In the late 1990s, a professor of cognitive science at the Massachusetts Institute of Technology named Joshua Tenenbaum began a large-scale examination of the casual ways that people make everyday predictions. There are dozens of questions each of us confront on a daily basis that can be answered only with some amount of forecasting. When we estimate how long a meeting will last, for instance, or envision two driving routes and guess at which one will have less traffic, or predict whether our families will have more fun at the beach or at Disneyland, we’re making forecasts that assign likelihoods to various outcomes. We may not realize it, but we’re thinking probabilistically. How, Tenenbaum wondered, do our brains do that?
Tenenbaum’s specialty was computational cognition—in particular, the similarities in how computers and humans process information. A computer is an inherently deterministic machine. It can predict if your family will prefer the beach or Disneyland only if you give it a specific formula for comparing the merits of beach fun versus amusement parks. Humans, on the other hand, can make such decisions even if we’ve never visited the seaside or Magic Kingdom before. Our brains can infer from past experiences that, because the kids always complain when we go camping and love watching cartoons, everyone will probably have more fun with Mickey and Goofy.
“How do our minds get so much from so little?” Tenenbaum wrote in a paper published in the journal Science in 2011. “Any parent knows, and scientists have confirmed, that typical 2-year-olds can learn how to use a new word such as ‘horse’ or ‘hairbrush’ from seeing just a few examples.” To a two-year-old, horses and hairbrushes have a great deal in common. The words sound similar.
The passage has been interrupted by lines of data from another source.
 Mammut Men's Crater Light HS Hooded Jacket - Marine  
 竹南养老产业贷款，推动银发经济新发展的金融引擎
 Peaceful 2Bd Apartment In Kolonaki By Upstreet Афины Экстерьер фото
In pictures, they both have long bodies with a series of straight lines—in one case legs, in the other bristles—extruding outward. They come in a range of colors. And yet, though a child might have seen only one picture of a horse and used only one hairbrush, she can quickly learn the difference between those words.
A computer, on the other hand, needs explicit instructions to learn when to use “horse” versus “hairbrush.” It needs software that specifies that four legs increases the odds of horsiness, while one hundred bristles increases the probability of a hairbrush. A child can make such calculations before she can form sentences. “Viewed as a computation on sensory input data, this is a remarkable feat,” Tenenbaum wrote. “How does a child grasp the boundaries of these subsets from seeing just one or a few examples of each?”
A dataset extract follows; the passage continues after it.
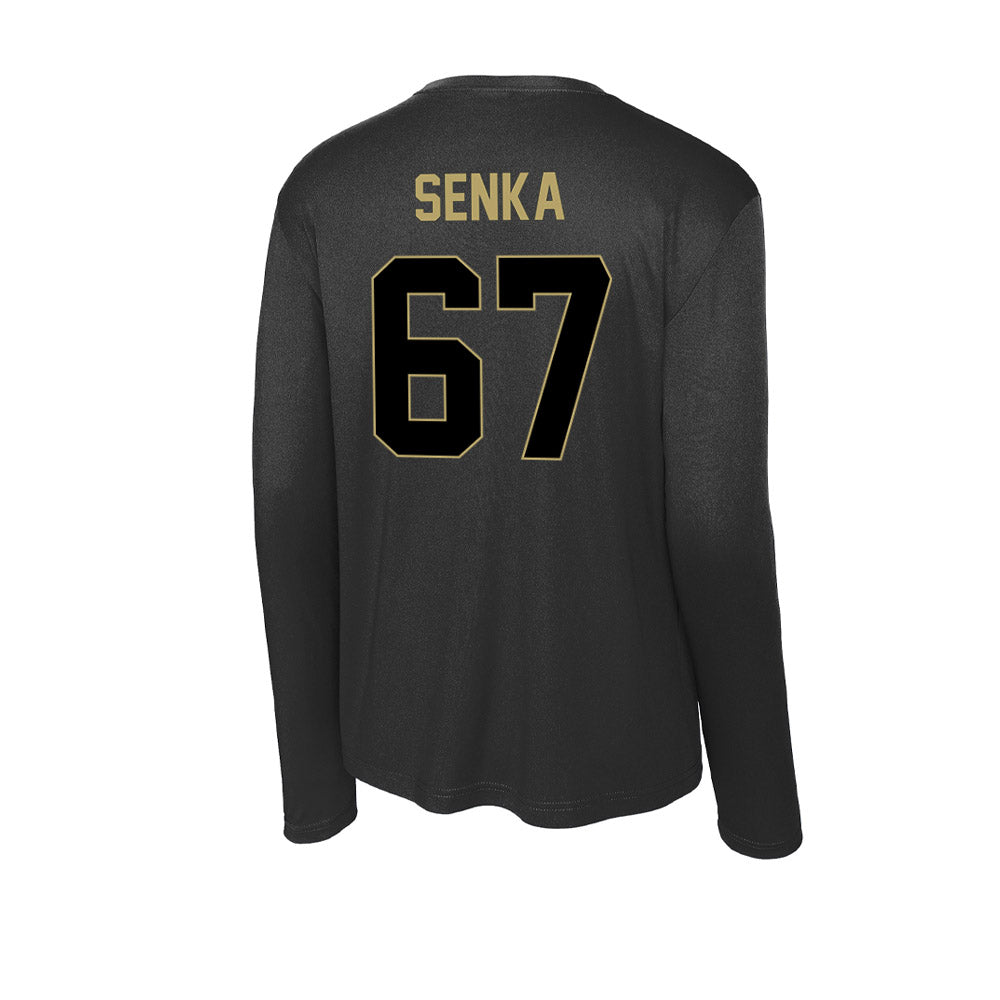 Central Florida - NCAA Football : Noah Senka - Activewear Long Sleeve T-Shirt-1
In other words, why are we so good at forecasting certain kinds of things—and thus, making decisions—when we have so little exposure to all the possible odds?
In an attempt to answer this question, Tenenbaum and a colleague, Thomas Griffiths, devised an experiment. They scoured the Internet for data on different kinds of predictable events, such as how much money a movie will make at the box office, or how long the average person lives, or how long a cake needs to bake. They were interested in these events because if you were to graph multiple examples of each one, a distinct pattern would emerge. Box office totals, for instance, typically conform to a basic rule: There are a few blockbusters each year that make a huge amount of money, and lots of other films that never break even.
Within mathematics, this is known as a “power law distribution,” and when the revenues of all the movies released in a given year are graphed together, it looks like this:
Graphing other kinds of events results in different patterns. Take life spans. A person’s odds of dying in a specific year spike slightly at birth—because some infants perish soon after they arrive—but if a baby survives its first few years, it is likely to live decades longer. Then, starting at about age forty, our odds of dying start accelerating. By fifty, the likelihood of death jumps each year until it peaks at about eighty-two.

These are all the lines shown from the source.